* **What is needed**
Reproduction of part of the material below, pictures omitted: copy exactly, and only, the lines starting with the one with "New 2026 Volkswagen Atlas SE FWD image 10" and going on through the one with "Séance de kamishibaï".

* **Dataset extract**

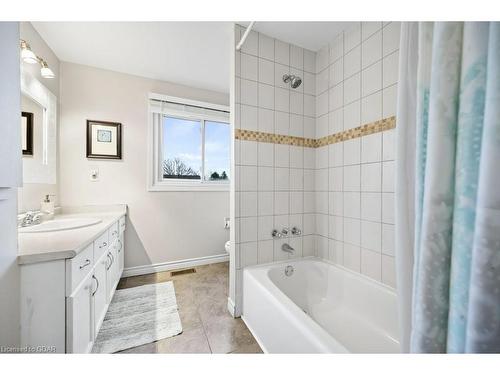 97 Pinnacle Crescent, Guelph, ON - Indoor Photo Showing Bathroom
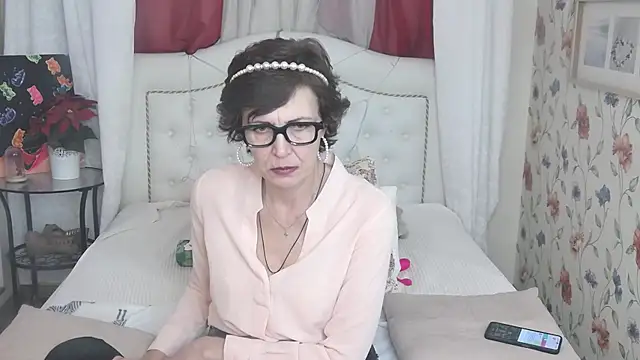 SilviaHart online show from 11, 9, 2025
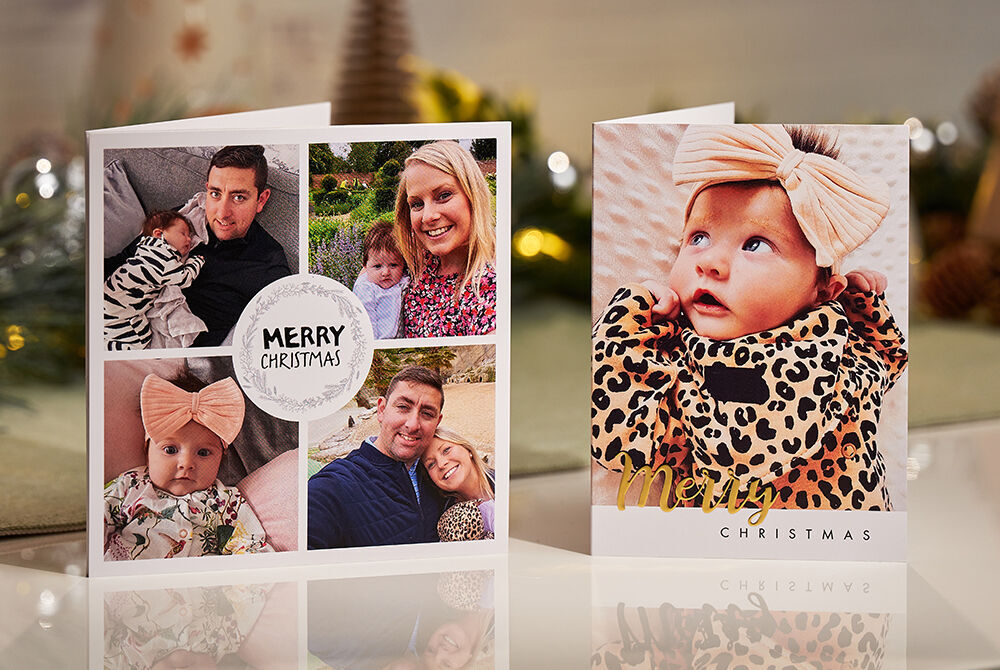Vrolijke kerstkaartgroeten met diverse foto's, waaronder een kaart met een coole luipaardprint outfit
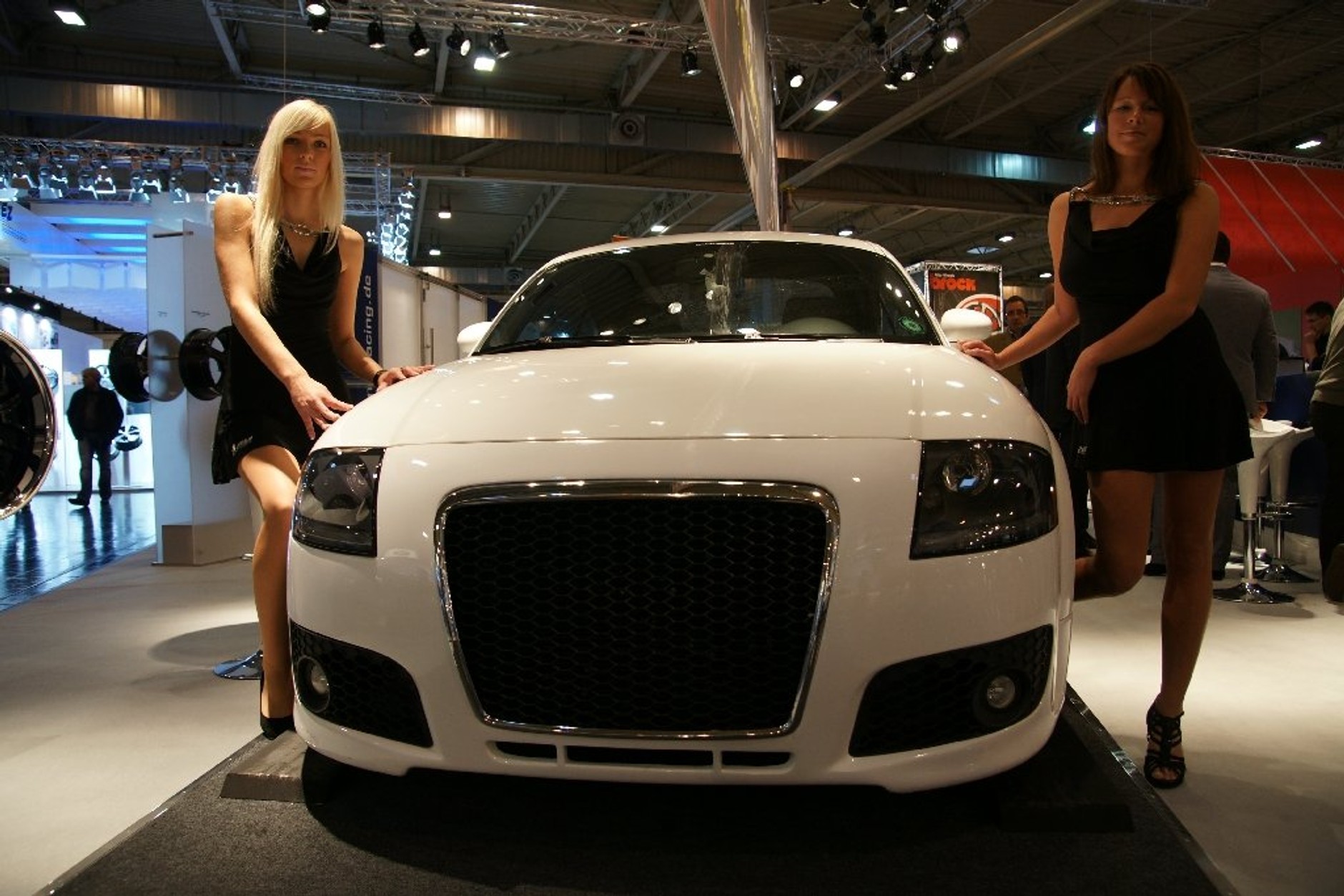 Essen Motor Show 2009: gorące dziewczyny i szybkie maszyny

--

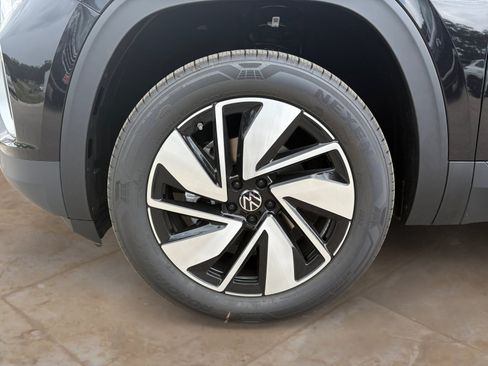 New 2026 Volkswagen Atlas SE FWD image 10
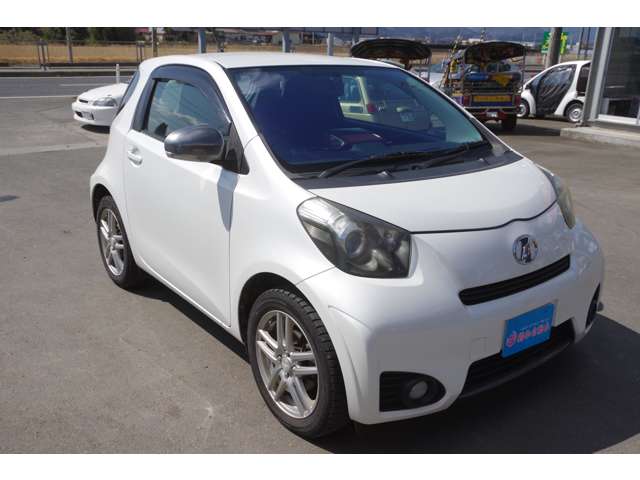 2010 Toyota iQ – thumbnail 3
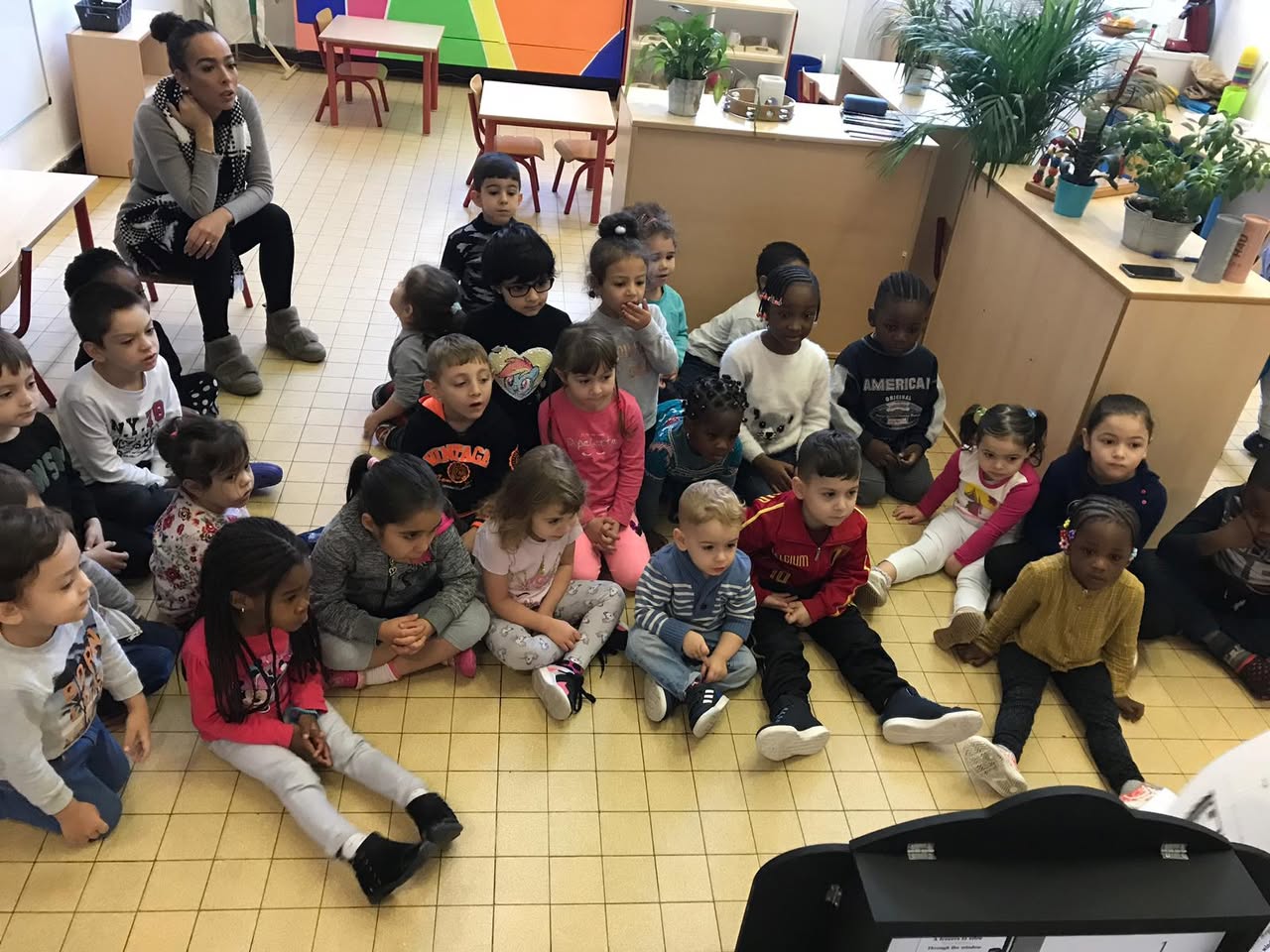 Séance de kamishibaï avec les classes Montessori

* **Expected answer**
 New 2026 Volkswagen Atlas SE FWD image 10
 2010 Toyota iQ – thumbnail 3
 Séance de kamishibaï avec les classes Montessori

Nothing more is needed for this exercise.